# Hello from Long Island



## clyderoad (Jun 10, 2012)

welcome.


----------



## GaryG74 (Apr 9, 2014)

Welcome to BeeSource!


----------



## paddab (Apr 29, 2014)

Welcome 
From fellow Long Island beekeeper


----------



## SouthTexasJohn (Mar 16, 2015)

Welcome to the forum.


----------



## Tenbears (May 15, 2012)

Welcome!


----------



## Five_bees (Jan 11, 2016)

Welcome to the forum. Hunker down for the blizzard.


----------



## liseverewx (Jan 21, 2016)

Thanks for the warm welcome.


----------



## liseverewx (Jan 21, 2016)

Five_bees said:


> Welcome to the forum. Hunker down for the blizzard.

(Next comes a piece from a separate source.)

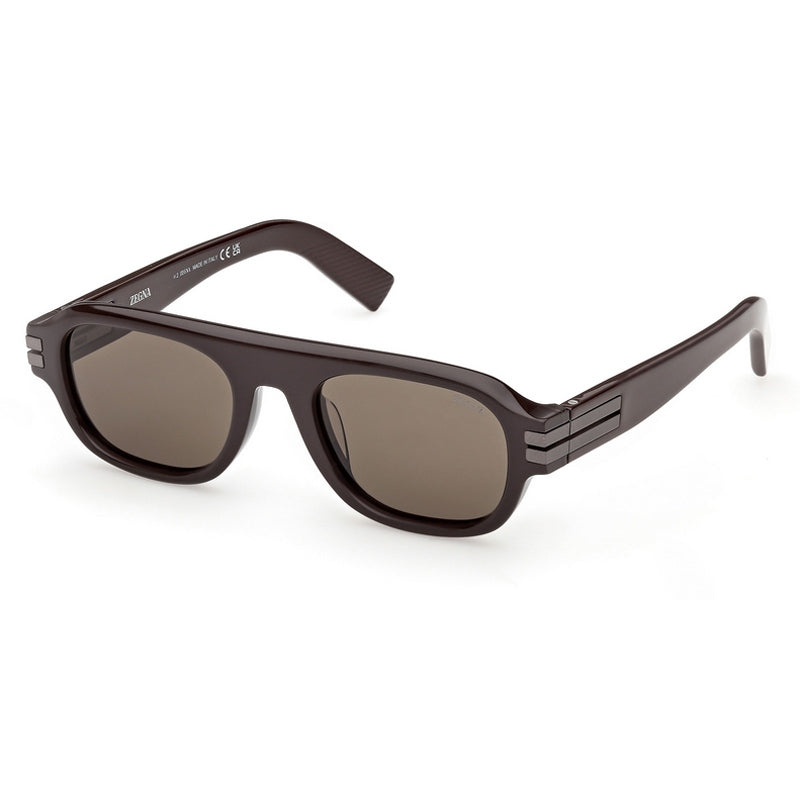 Ermenegildo Zegna napszemüveg, modell: EZ0304 Szín: 48N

Thanks. Just dug myself out. Over 2' in my backyard.


----------



## bbruff22 (Dec 24, 2013)

Welcome from NE Kansas!


----------



## BoiseBound (Feb 20, 2015)

Welcome from another Long Islander


----------



## AmericasBeekeeper (Jan 24, 2010)

Welcome! My family moved from New York to Florida in 1792 when Long Island was New Utrecht (1659). They followed their sister Jane who married Squire Boone. Daniel and the boys mixed it up with the locals a few too many times. It was safer heading south and pushing the Spaniards out. Much warmer too!


----------